Now, I don’t mean forgetting about it as in not caring. What this means is to invest and not think about it for years. To weather all financial storms or personal crisis without touching the money you’ve invested. And, don’t just take my word for it. Naval Ravikant, a well known investor who founded AngelList and an early investor in Uber, Twitter, and more is well known for his beliefs around compounding growth. He sums it up best in a simple tweet:
And no truer statement has been uttered, especially when it comes to finances. It’s why I so wholeheartedly recommend the Roth IRA as an investment vehicle, or any retirement plan account available where you live. Anywhere that you can put away some spare funds and let it grow for years and years, until compound interest does the rest.
Now, to illustrate the power of compound interest, I want to run through a scenario. Say that, starting today, you want to invest $6,000 into the stock market annually (which just so happens to be the limit for a Roth IRA), let’s see how this plays out using Smartasset’s investment calculator. For this exercise, we’re assuming a modest 5% return, although the stock market historically returns 7%.
For ten years, we invest $6,000, not touching a dime. The value would grow to 75k with over 15.5k in interest!
Okay, but just ten years? Anyone can do ten years. Let’s keep our money in longer. Heck, let’s go for twenty years and see what happens….

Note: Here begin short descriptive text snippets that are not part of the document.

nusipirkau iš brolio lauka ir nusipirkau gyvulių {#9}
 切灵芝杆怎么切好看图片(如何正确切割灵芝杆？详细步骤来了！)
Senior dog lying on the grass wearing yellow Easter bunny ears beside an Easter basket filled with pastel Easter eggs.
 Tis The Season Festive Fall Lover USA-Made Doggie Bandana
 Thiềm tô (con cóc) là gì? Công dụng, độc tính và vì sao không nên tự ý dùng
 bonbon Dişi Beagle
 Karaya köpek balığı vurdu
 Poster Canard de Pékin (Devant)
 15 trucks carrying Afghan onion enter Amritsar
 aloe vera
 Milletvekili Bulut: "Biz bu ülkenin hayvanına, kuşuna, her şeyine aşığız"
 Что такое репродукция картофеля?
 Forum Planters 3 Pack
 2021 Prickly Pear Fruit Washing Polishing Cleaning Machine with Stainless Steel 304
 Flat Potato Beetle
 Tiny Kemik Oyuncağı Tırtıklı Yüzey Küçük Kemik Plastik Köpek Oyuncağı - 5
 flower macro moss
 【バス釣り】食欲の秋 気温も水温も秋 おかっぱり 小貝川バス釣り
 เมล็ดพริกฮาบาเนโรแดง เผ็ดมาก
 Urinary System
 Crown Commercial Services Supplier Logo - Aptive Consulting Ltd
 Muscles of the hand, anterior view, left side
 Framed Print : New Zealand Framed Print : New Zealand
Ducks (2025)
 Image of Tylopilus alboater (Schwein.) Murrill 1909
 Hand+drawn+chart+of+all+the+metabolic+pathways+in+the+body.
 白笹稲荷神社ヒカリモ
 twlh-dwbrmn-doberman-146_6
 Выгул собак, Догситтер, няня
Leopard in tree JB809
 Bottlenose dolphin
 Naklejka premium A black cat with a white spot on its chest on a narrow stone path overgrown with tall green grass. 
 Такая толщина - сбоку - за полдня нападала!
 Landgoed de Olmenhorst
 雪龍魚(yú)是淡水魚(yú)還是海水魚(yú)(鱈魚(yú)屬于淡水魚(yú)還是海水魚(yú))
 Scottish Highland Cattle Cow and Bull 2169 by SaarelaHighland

78.5k in interest! That’s no small number. A manageable 6k a year in investing can get you enough to buy a house outright. But why stop here? Let’s take this even further and see what happens in thirty years.
The interest earned exceeds the contributions! That, friends, is the compound interest in action. If you faithfully invest $6,000 a year with a modest 5% returns (again, the market typically beats that), you’d have $400,000 to play with. That’s more than a meager sum, enough to move to Thailand and eat lay on the beach for the rest of your days.
So, I hope what you’ve read convinces the anxious day trader in you to slow down and try a different approach. One free of stress and full of prosperity. Simply put, the more you can strive for patience, the brighter your future.